- [What you need to do]: Starting at the line holding "If there is" and finishing at the line holding "Ladies and gentlemen, welcome", transcribe the material exactly, keeping both ends but no pictures.

- [Recorded information]:
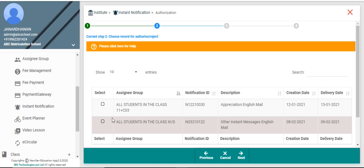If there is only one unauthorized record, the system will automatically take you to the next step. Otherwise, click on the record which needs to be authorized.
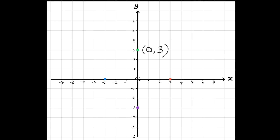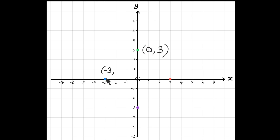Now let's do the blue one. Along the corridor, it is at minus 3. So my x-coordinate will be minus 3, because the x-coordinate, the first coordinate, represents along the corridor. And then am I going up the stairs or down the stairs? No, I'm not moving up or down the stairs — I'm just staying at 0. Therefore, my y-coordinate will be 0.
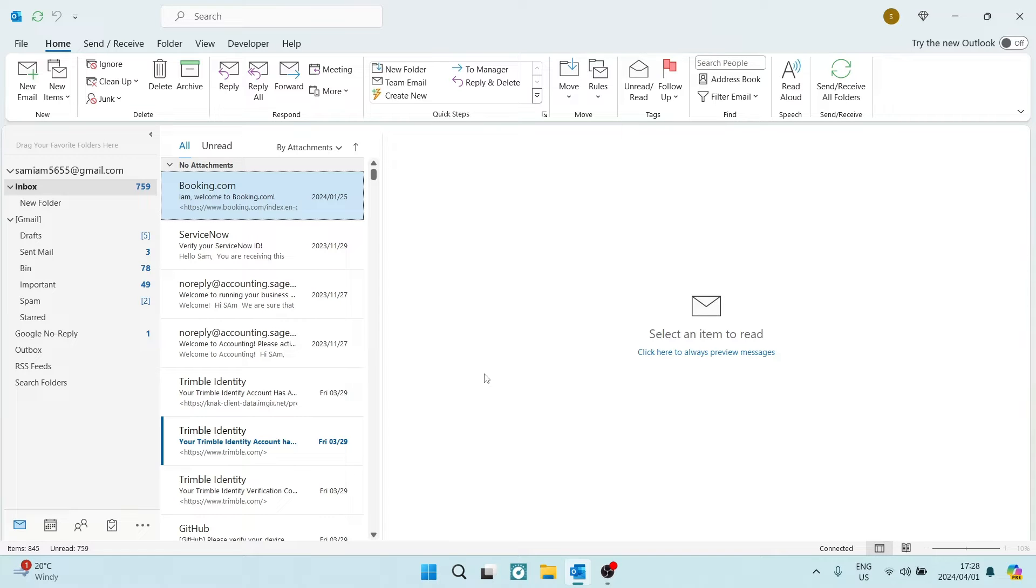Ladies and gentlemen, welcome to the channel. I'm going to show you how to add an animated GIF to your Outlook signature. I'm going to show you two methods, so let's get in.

* * *

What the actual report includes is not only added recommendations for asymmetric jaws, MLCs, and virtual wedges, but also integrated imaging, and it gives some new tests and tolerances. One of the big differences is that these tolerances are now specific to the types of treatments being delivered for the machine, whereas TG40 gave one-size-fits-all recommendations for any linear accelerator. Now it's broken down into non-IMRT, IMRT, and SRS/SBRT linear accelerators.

- [Final answer]:
If there is only one unauthorized record, the system will automatically take you to the next step. Otherwise, click on the record which needs to be authorized.
Now let's do the blue one. Along the corridor, it is at minus 3. So my x-coordinate will be minus 3, because the x-coordinate, the first coordinate, represents along the corridor. And then am I going up the stairs or down the stairs? No, I'm not moving up or down the stairs — I'm just staying at 0. Therefore, my y-coordinate will be 0.
Ladies and gentlemen, welcome to the channel. I'm going to show you how to add an animated GIF to your Outlook signature. I'm going to show you two methods, so let's get in.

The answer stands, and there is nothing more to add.